The devastating killing spree by an Uber driver in Kalamazoo, Michigan over the weekend has again opened up the topic of proper background screening. Uber has actually been targeted for their background check process for some time and, unfortunately, each terrible event brings more skepticism. Even though an organization like Uber pre-screens potential employees before hire, many neglect to screen employees after they are hired.
If Uber had a post-hire screening process, could the Kalamazoo killing spree have been prevented?
Uber's Background Checks
Uber's hiring processes come under fire for every negligent action by an Uber driver. The company is once again defending its background pre-screening process, a similar process used by many in the taxi cab and limousine industry as well. Their hiring and background screening process, documented in a blog about safety on their website, follows these protocols:
- The use of a screening provider who is nationally accredited by the National Association of Professional Background Screeners (NAPBS).
- Collection of driver information including full name, date of birth, social security number, drivers license number and copy of license, vehicle registration, insurance, and proof of vehicle inspection.
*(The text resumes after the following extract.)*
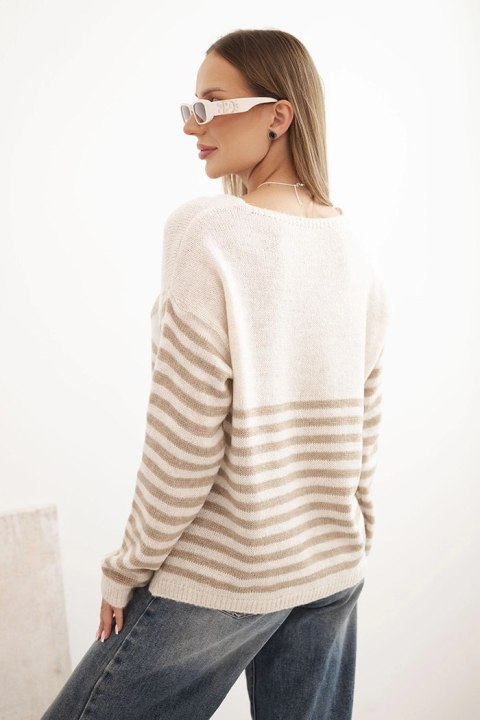 Modny sweter damski camelowy z moherem i wełną – Stylowy Wieszak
- After obtaining applicant consent, the background check uncovers name changes and seven year's worth of addresses at the local, state and national levels.
- The identifying information is searched in National Sex Offender websites, National Criminal Searches, and other databases to identify terrorists.
- If any matches are found, the screening company then verifies that the record is a correct match with the driver.
- They also pull Motor Vehicle Reports (MVR) associated with the driver's license to look for moving violations.
The blog post goes on to include the criteria that leads to disqualification of the candidate as a driver for Uber.
One difference between many taxi and limousine companies and Uber's pre-screening process is that Uber does not perform fingerprint scanning. The company also defends this practice in the same blog post, stating that many drivers are unfairly discriminated against when fingerprints are used because of arrest records where people where not charged or convicted.
What about Post-Hire Screening?
Many companies neglect background screening after hiring an employee. It is unclear if Uber re-screens post-hire (also called "infinity screening") to check their current drivers after they have been working for the company for a while. Re-screening current employees, however, is a recommended practice, especially for a company that could potentially be hit with litigious and expensive negligent hiring claims. Here's why:
- Security - If the employee could potentially put others at risk, it is imperative for the employer to know of criminal activity since the initial screening.
- Job Performance - If a driver is smoking marijuana on the job, those activities could affect their job performance. Not to mention the activity is still illegal in many states.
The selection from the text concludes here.